Skull, 1.8 million years old, may rewrite human evolution after being found in Dmanisi Georgia

 

A WELL-PRESERVED skull from 1.8 million years ago offers new evidence that early man was a single species with a vast array of different looks.

With a tiny brain about a third the size of a modern human’s, protruding brows and jutting jaws like an ape, the skull was found in the remains of a medieval hilltop city in Dmanisi, Georgia, said the study in the journal Science.

It is one of five early human skulls – four of which have jaws – found so far at the site, about 100 kilometres from the capital Tbilisi, along with stone tools that hint at butchery and the bones of big, saber-toothed cats.

Lead researcher David Lordkipanidze, director of the Georgian National Museum, described the group as “the richest and most complete collection of indisputable early Homo remains from any one site.”

The skulls vary so much in appearance that under other circumstances, they might have been considered different species, said co-author Christoph Zollikofer of the University of Zurich.

Early Human

In this photo taken October 2, 2013, in Tbilisi, Georgia, David Lordkipanidze, director of the Georgia National Museum, holds a pre-human skull found in 2005 in the ground at the medieval village Dmanisi, Georgia.

“Yet we know that these individuals came from the same location and the same geological time, so they could, in principle, represent a single population of a single species,” he said.

The researchers compared the variation in characteristics of the skulls and found that while their jaw, brow and skull shapes were distinct, their traits were all within the range of what could be expected among members of the same species.

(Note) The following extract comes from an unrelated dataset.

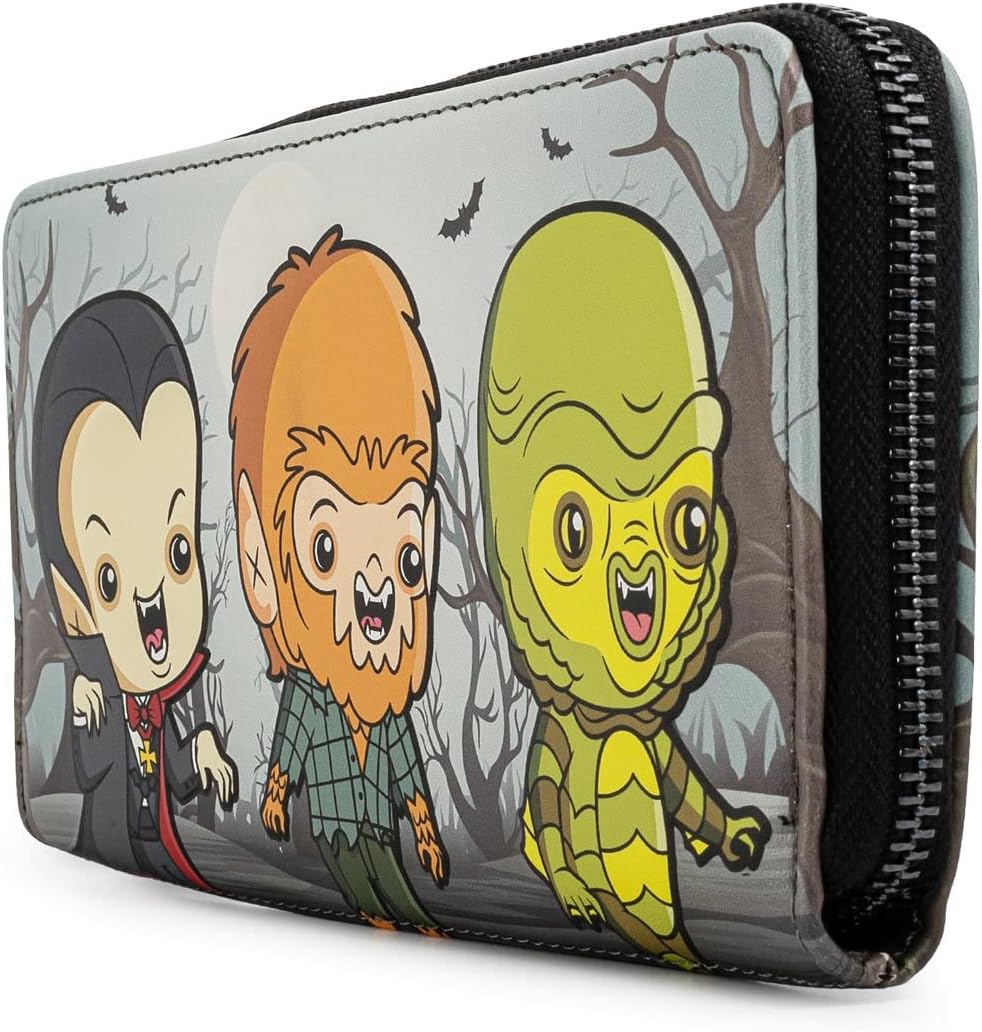 Loungefly Universal Monsters Chibi Faux Leather Zip Wallet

“The five Dmanisi individuals are conspicuously different from each other, but not more different than any five modern human individuals, or five chimpanzee individuals, from a given population,” said Mr Zollikofer.

“We conclude that diversity within a species is the rule rather than the exception.”

skull

A reconstruction of the early homonid from the Georgian skull find.

Under that hypothesis, the different lineages some experts have described in Africa — such as Homo habilis and Homo rudolfensis — were all just ancient people of the species Homo erectus who looked different from each other.

It also suggests that early members of the modern man’s genus Homo, first found in Africa, soon expanded into Asia despite their small brain size.

“We are thrilled about the conclusion they came to. It backs up what we found as well,” said Milford Wolpoff, a paleontologist at the University of Michigan.

Mr Wolpoff published a study in the journal Evolution last year that also measured statistical variation in characteristics of early skull fossils in Georgia and East Africa, suggesting a single species and an active process of inter-breeding.

Skull find

The fossilised remains of the early homonid were uncovered in a small stone grotto near the city of Dmanisi, Georgia.

“Everyone knows today, you could find your mate from a different continent and it is normal for people to marry outside their local group, outside their religion, outside their culture,” Mr Wolpoff said.

“What this really helps show is that this has been the human pattern for most of our history, at least outside of Africa,” he added.

“We don’t have races. We don’t have different subspecies. But it is normal for humans to vary, and they have varied in the past.”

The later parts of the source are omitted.